- **EXERCISE**:
Look below for the line that contains "amethyst crystals on white background" and the line that contains "Corso propedeutico all'esame", then restate both of them and every line in between, exactly. No picture goes in the copy.

--- THE DATA ---

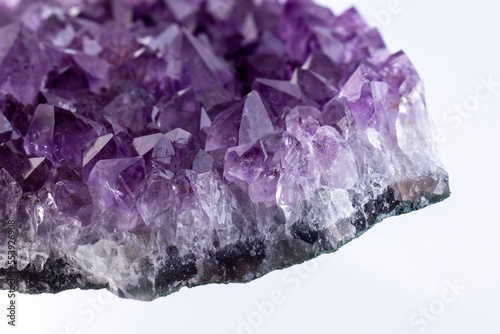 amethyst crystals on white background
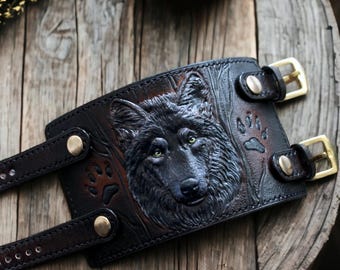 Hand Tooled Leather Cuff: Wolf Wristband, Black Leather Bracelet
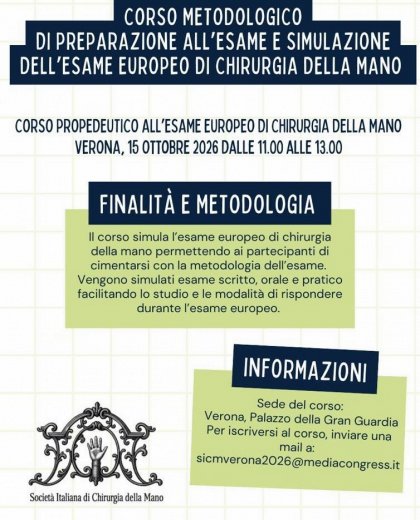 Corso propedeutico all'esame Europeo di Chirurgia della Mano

---
--- THE DATA ---

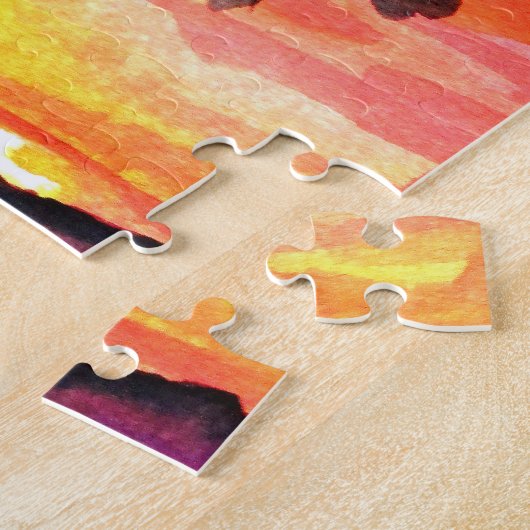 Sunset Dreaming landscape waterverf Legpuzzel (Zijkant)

---
--- THE DATA ---

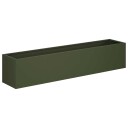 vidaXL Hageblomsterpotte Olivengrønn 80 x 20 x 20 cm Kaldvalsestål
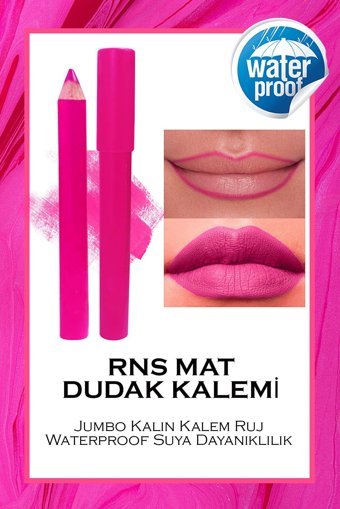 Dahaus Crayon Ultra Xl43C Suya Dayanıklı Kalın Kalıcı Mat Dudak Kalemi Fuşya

---

- **FINISHED TASK**:
 amethyst crystals on white background
 Hand Tooled Leather Cuff: Wolf Wristband, Black Leather Bracelet
 Corso propedeutico all'esame Europeo di Chirurgia della Mano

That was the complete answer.